> **Input for this task**
┌──
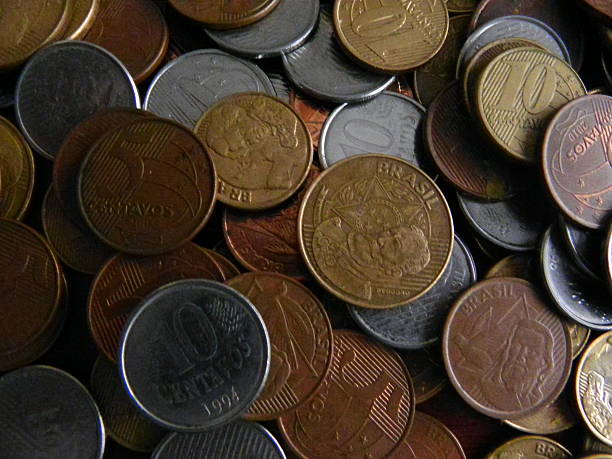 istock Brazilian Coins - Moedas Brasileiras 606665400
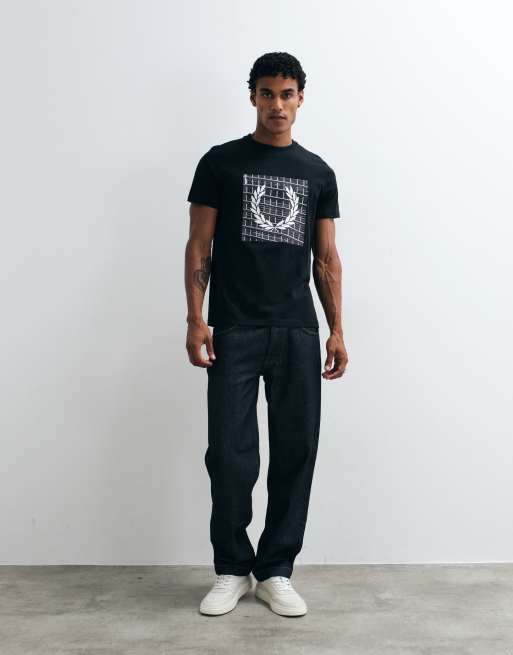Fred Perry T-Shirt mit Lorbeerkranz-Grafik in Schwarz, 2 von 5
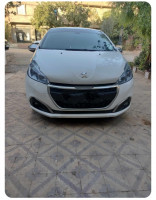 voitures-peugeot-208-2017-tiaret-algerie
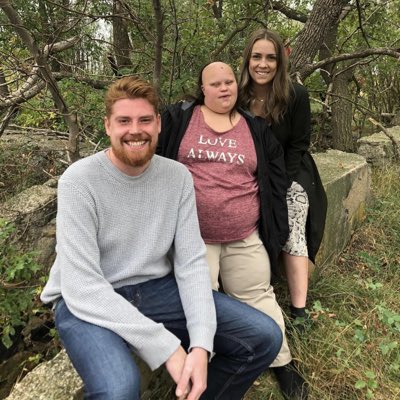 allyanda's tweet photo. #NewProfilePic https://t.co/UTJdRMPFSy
└──
┌──
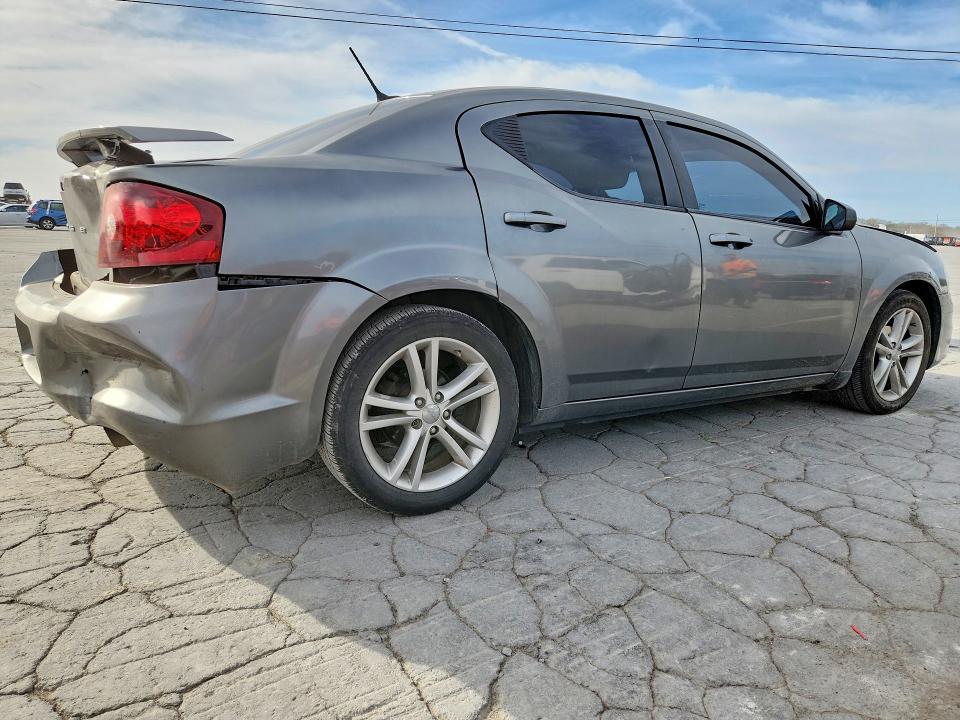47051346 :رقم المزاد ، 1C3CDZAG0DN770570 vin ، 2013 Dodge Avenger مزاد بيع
└──
> **Description of the task**
An exact transcription is needed of the lines from the one with "istock Brazilian Coins" to the one with "allyanda's tweet photo." above, both ends included, with pictures left out.

> **Response for this exercise**
 istock Brazilian Coins - Moedas Brasileiras 606665400
Fred Perry T-Shirt mit Lorbeerkranz-Grafik in Schwarz, 2 von 5
 voitures-peugeot-208-2017-tiaret-algerie
 allyanda's tweet photo. #NewProfilePic https://t.co/UTJdRMPFSy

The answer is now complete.